東京ガス株式会社は、自社のWeb会員サービス「myTOKYOGAS」を利用するお客様が困りごとを抱えない状態を理想と考え、顧客体験マネジメント(CXM)を向上すべくシステムを導入しました。導入後は、これまでサイト上のFAQやチャットボットではうまく対応できなかったお客様に能動的に解決方法を提示し、必要に応じて問い合わせ窓口を案内するなど、より細かいサポートができるようになったといいます。

システムを利用することで、お客様がつまずく理由や困ったときにどのように行動しているのかが可視化され、具体的な改善ポイントが明確になりました。また、以前は分析に時間がかかっていましたが、システム導入後はリリースまでのスピードが速くなり、より精度の高い施策を打てるようになったとのことです。

顧客体験マネジメント(CXM)の効果測定に有効な「NPX Pro」

「NPX Pro」はCX向上を支援するNPS®ツールです。顧客のフィードバックを分析し、改善アクションまでの促進をスムーズに実現できます。NPX Proの主な機能は以下のとおりです。

  • NPS®アンケート作成、配信
  • NPS®アンケート集計、分析
  • NPS®アンケート分析結果の共有
  • 改善アクションの促進・管理

NPX Proではアクションドライバー分析により、優先改善課題の把握が容易に行えます。
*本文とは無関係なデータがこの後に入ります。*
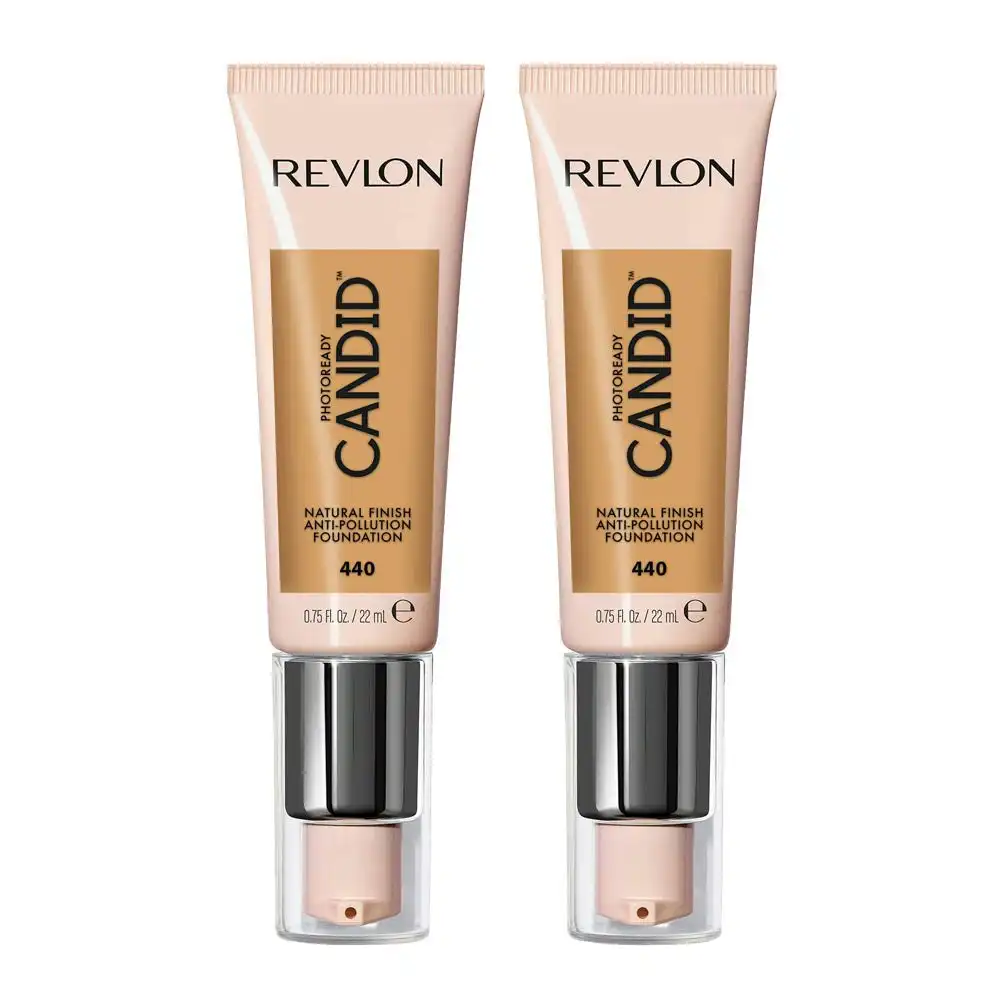 Revlon Photoready Candid Natural Finish Anti-pollution Foundation 22ml 440 Caramel - 2 Pack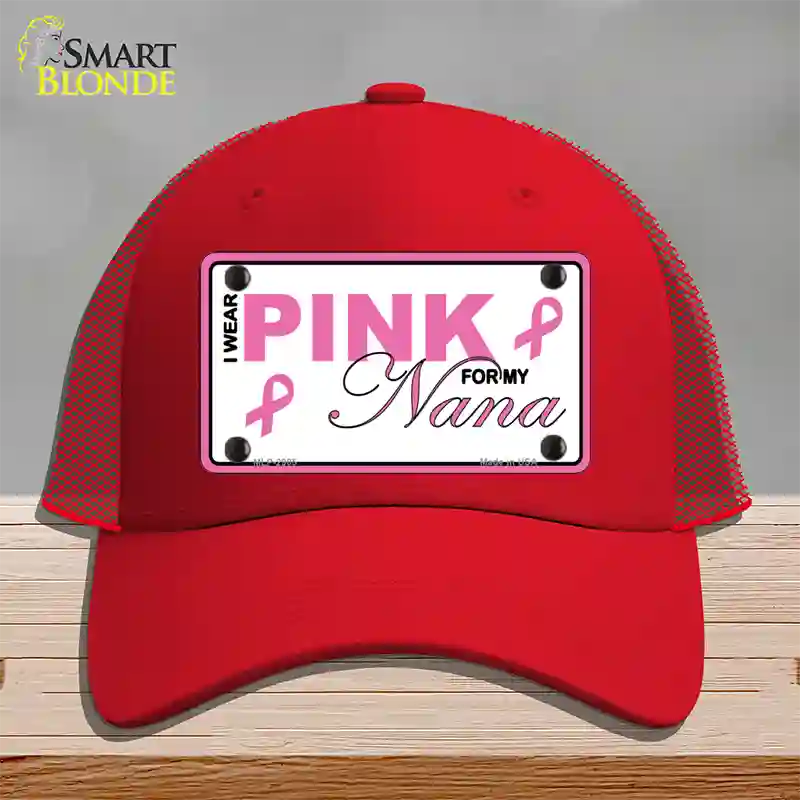 Pink For My Nana Novelty License Plate Hat Mesh / Red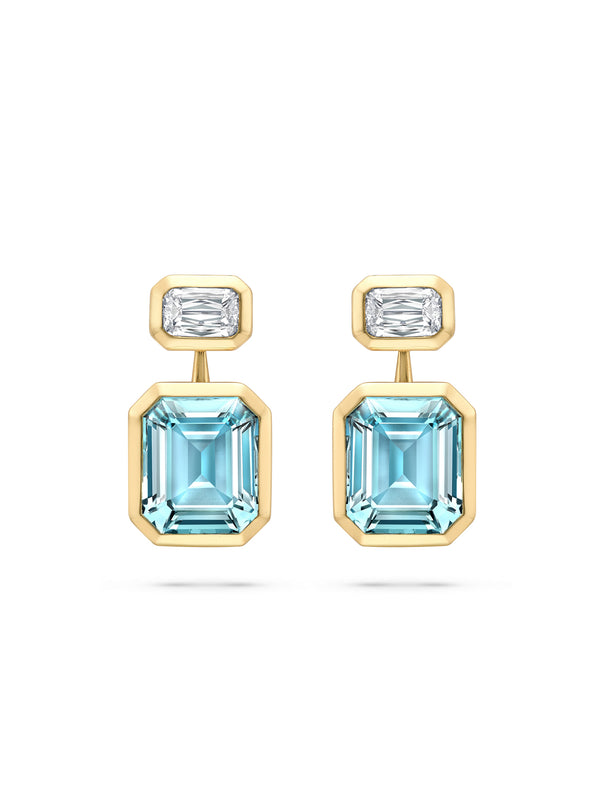 Florentine Aquamarine Yellow Gold Earrings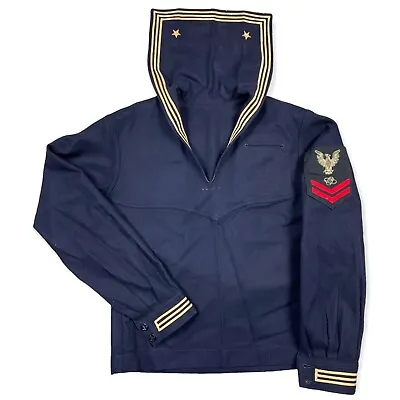 Vintage US Navy Cracker Jack Uniform Wool Shirt Top Arm Patch Sailor Dsa 100-67 • $29.99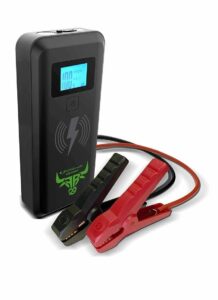 Schumacher Electric farm and ranch 2000 peak amp portable lithium-ion jump starter / power pack with color-coded clamps.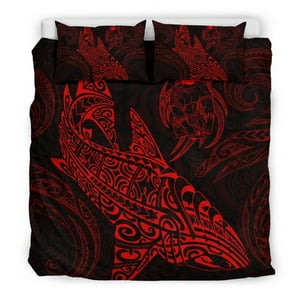 Milsleep - Juego De Funda Nórdica Shark Polynesian - Polynesian Tattoo Red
また、カスタマージャーニーを見える可し、タッチポイントごとの調査や複数のタッチポイントをまたぐショートタームジャーニー調査を行うことも可能です。さらにフォローアップアクションの実施履歴や進捗状況を管理できるなど、顧客体験の向上をしっかりとサポートして、顧客ロイヤルティを高める効果が期待できます。

導入事例|株式会社 ジャルパック 様

日本航空を利用した旅行商品の企画運営・販売・管理を行なっている株式会社ジャルパック様。同社は以前、独自の顧客満足度アンケートで結果が常に90%を超えている状態でしたが、さらなる顧客満足を目指し、現在は「海外旅行事業」「国内旅行事業」「訪日事業」の3事業にNPX Proを導入されています。

導入の決め手となったのはシステムの使いやすさに加え、分析結果の可視化に優れていることや支援体制などでした。導入後は自社の強み・弱みが明確になり、改善点の優先順位をつけられるようになったといいます。現在は毎月2回、NPS®やNPX Proについての社内講習会を実施し、理解を深められています。

顧客体験マネジメント(CXM)により顧客と強固な関係を築こう

顧客体験マネジメント(CXM)を向上させることにより、ロイヤルカスタマーを創出できるなど、顧客との関係を構築することが可能です。顧客に自社商品やサービスの価値を見出してもらえれば良い口コミを拡散してもらえ、新たな顧客の獲得にもつながります。ドライバー分析を用いたNPS®調査を実施するなどして自社の強み・弱みを可視化し、改善点には迅速に対応しましょう。